Jean and Mark Bernstein argue in a new U.S. Bankruptcy Court filing that Flying Star’s unsecured creditors committee has put forth a “fundamentally flawed” reorganization plan for the business. The committee proposes selling Flying Star, a six-restaurant chain, at an auction. Southwest Brands, parent company of Garduño’s and Keva Juice, has already agreed to bid $2.5 million for Flying Star with the intent to keep it open.
The Bernsteins have offered a competing reorganization plan under which they would give up their existing equity and inject $1.5 million to stay in control and keep the company running. They say in a disclosure statement filed Tuesday that the many expenses associated with implementing the committee’s plan would ultimately limit the payout to Flying Star’s general unsecured creditors. That group has a collective $3.7 million in allowed claims, according to the document. The Bernsteins allege that unsecured creditors would get only 6.72 percent of the value of those claims under the committee’s plan versus 20.52 percent under the Bernsteins’ plan.

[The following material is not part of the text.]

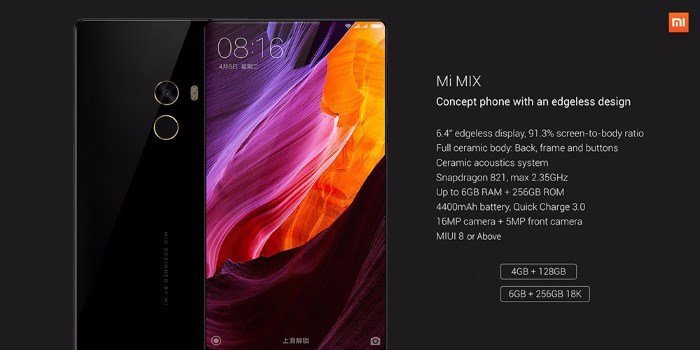 xiaomi-mi-mix-black-specs-cover xiaomi-mi-mix-black-specs-cover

Priority claims get paid in full immediately under both plans. Each also would pay in full secured claims — like those from lenders — although the Bernsteins’ plan would pay them back in monthly installments over time, while the committee’s plan would pay them immediately with the auction proceeds.

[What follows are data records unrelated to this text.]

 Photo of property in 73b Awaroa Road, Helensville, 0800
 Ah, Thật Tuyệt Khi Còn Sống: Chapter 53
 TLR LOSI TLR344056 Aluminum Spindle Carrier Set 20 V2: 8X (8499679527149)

The bankruptcy judge has not yet reviewed or approved either plan or disclosure statement, a necessary step before the affected creditors get to vote on them, according to the Bernsteins’ attorney, James Askew.
The Bernsteins filed their original reorganization plan and disclosure statement about two weeks before the committee filed its own. The couple’s new filing represents an amended version, this one offering a pointed takedown of the committee’s proposal. Unsecured creditors, they argue, would get less money because of various costs associated with the committee’s plan. Those costs include a $120,000 earmark to sue the Bernsteins and their other companies for money believed to be owed to Flying Star; the taxes associated with the company’s sale (estimated by the Bernsteins at $380,000); and the expenses a new owner would incur to keep the restaurants running.
“Flying Star is not a turnkey operation,” the Bernsteins’ filing states, noting that the cafe chain relies on resources from the Bernsteins’ other company, Rio Chan Brands. “…In order for another operator, such as Southwest Brands, to operate Flying Star, it would need to replace all of the interconnected registers, inventory control, ordering and invoicing services it uses, which are owned by Rio Chan Brands.”
The committee’s attorney, Paul Fish, said that means the Bernsteins aren’t giving any competing bidders a fair chance.
“By refusing to allow a buyer to use the software that they contend is crucial, they are violating the principle that they have to give a competing bidder a fair shot,” he said in an email Thursday.
The Bernsteins’ new document also argues that any creditor attempt to sue the Bernsteins for mismanaging the company would “be meritless, drag on for years and generally waste money” that the creditors might otherwise get.
“…the known hidden costs, complexity, and unsubstantiated promises of additional monies obtained through proposed and protracted litigation against the Bernsteins shows the (committee’s) plan for what it is — smoke and mirrors,” the filing states.
Askew told the Journal in an email that the committee’s plan “can’t deliver what it promises” and encouraged creditors to wait to form any conclusions until they get official notification from the court regarding the plans.